A dad is set to sue the NHS amid claims his partner died after twice being sent home from A&E over a weekend.
It comes as the leader of Scottish Labour demands a full-scale review of doctors and nurses’ numbers in Scottish hospitals on Saturdays and Sundays.
Yesterday an influential Scottish doctors’ group backed the call. Distraught George Andrews, 69, is furious with Glasgow Royal Infirmary doctors who he claims misdiagnosed partner Jean Graham as suffering from norovirus instead of a deadly blood clot on her bowel early this year.
On two consecutive weekend nights last January she was taken by ambulance to the hospital’s Accident & Emergency department from their Dennistoun home. But on both occasions medics sent her home after assessing her as suffering from a bug.
A day later, the 77-year-old was dead.
Last night, heartbroken George blasted: “We put our trust in the NHS and they let us down. No-one should go through what happened to Jean.”
NHS Greater Glasgow and Clyde have issued the dad-of-two with an apology. But now lawyers acting for the pensioner are seeking damages for medical negligence.
It was Saturday, January 5, when Jean, who had a heart condition, started feeling unwell. It was the first Christmas break the keen travellers had spent at home in 18 years.
George, a former engineer, said: “At 5pm she wasn’t feeling good and an hour later she was being sick with severe diarrhoea. It got so bad that by 9pm we phoned an ambulance.”
Jean was taken to Glasgow’s Royal Infirmary where she waited for five hours before seeing a doctor, with George claiming she was kept on a trolley for all that time.
When medics did see her they diagnosed a bug and sent her home. But over the next 18 hours her condition deteriorated and, on Sunday afternoon, George phoned NHS 24 who sent a GP to their home.
That worried doctor ordered Jean back to hospital after spotting she was passing blood.
George said: “By 10pm that night we were still waiting with her on a trolley five hours later.
“A doctor eventually saw her and said that since she hadn’t been sick or had diarrhoea in recent hours she should go home and take fluids. But she was not being sick as she had nothing left in her system.
“They should never have sent her home. We both felt utterly abandoned.”
The next day Jean was becoming weaker and increasingly frightened. George carried her to the bathroom where she started screaming she had lost the use of her legs. The frantic couple then phoned another ambulance on Monday their third in three days.
George said: “This time they agreed it was serious and kept her in. But she was still not put in a ward and ended up in a trolley.
“The next morning she was scanned and diagnosed with a blood clot on her bowel. By that stage she was too weak to even sign the consent form. She never made it out of surgery and died on Tuesday morning.

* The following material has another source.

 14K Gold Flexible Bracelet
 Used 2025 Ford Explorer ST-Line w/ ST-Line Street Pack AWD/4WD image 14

“Now I want justice for Jean. A dog wouldn’t have been treated so badly.”
Margaret Watt of Scotland’s Patient Association said: “This horrific case shows the dire consequences when our patients are ignored and A&E is stretched to its limit at weekends and Christmas time.”
George’s lawyer Cameron Fyfe said: “He’s instructed me to consider a claim against the Health Board. There may have been negligence on the part of the hospital in discharging Jean on the Sunday when it seemed clear to George that she was seriously ill.” A spokeswoman for NHS Greater Glasgow and Clyde said: “We’d like to once again express our sincere condolences to Mr Andrews for his loss. We met with Mr Andrews early this year to discuss his concerns about the care his partner received.

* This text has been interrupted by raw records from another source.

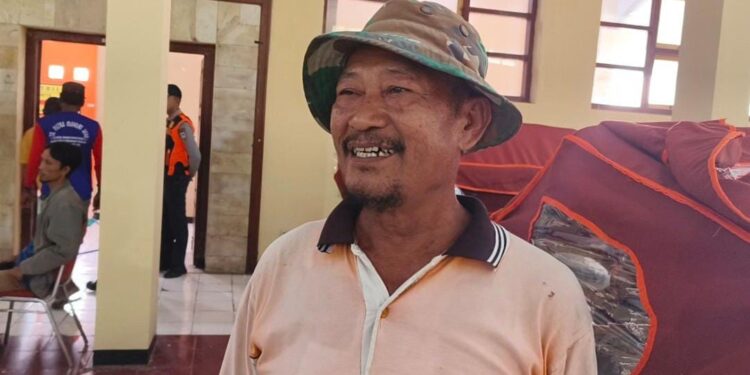 Momen Haru Lansia di Rembang Dapat Bantuan Becak Listrik dari Presiden Prabowo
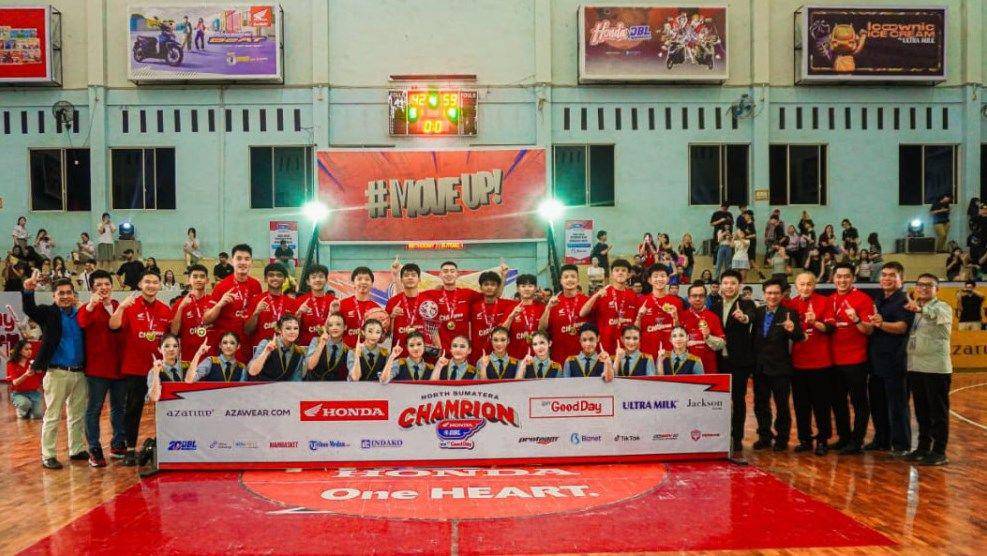 Tim putra Sutomo 1 Medan champion Honda DBL foto bersama dengan Ansor Hawari, Perwakilan DBL Indonesia, Edward Koharuddin, Komisaris PT. Indako Trading Coy, Leo Wijaya, Vice President Director PT. Indako Trading Coy dan pendukung Honda DBL (Dok. IDN Times)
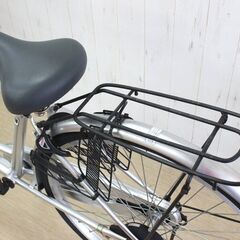 自転車✨ママチャリ✨26インチ✨シルバー✨鍵あり✨中古品【こちらは店舗です。浜村鹿野温泉ICから3分 買取本舗 宮本リサイクル 営業時間９～１９時 定休日水曜のみ←連絡できませんm(_ _)m】G162の画像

“We fully accept that there were lessons to be learned, in particular, the need to improve communication between clinicians in relation to the issue of the patient’s previous presentations.”

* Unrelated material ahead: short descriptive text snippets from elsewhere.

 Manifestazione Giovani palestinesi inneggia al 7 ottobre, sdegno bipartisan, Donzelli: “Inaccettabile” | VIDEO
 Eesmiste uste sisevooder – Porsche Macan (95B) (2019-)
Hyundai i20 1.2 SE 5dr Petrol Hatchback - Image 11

A study last year suggested Scots were 40% more likely to die if they were admitted to hospital at the weekend.
The report by London’s Queen Mary University revealed patients with medical emergencies have far higher death rates if they are sent to hospital at the weekend rather than during the week. In England it was 20%.
Experts blamed a shortage of senior doctors and life-saving services at weekends.
Last Friday new figures showed Scottish hospital staffing levels plunged dramatically at the weekend. Scottish Labour leader Johann Lamont demanded a full-scale review of doctors and nurses’ numbers after revealing staffing levels at three of Scotland’s 14 health boards drop from 18,000 to just over 5,000 at weekends. Fife have only seven consultants on duty compared with 210 Monday to Friday. Forth Valley had 3,398 staff on weekdays and 1,256 at weekends, and Lothian’s weekend workforce was 3,063 compared with 11,200 during the week.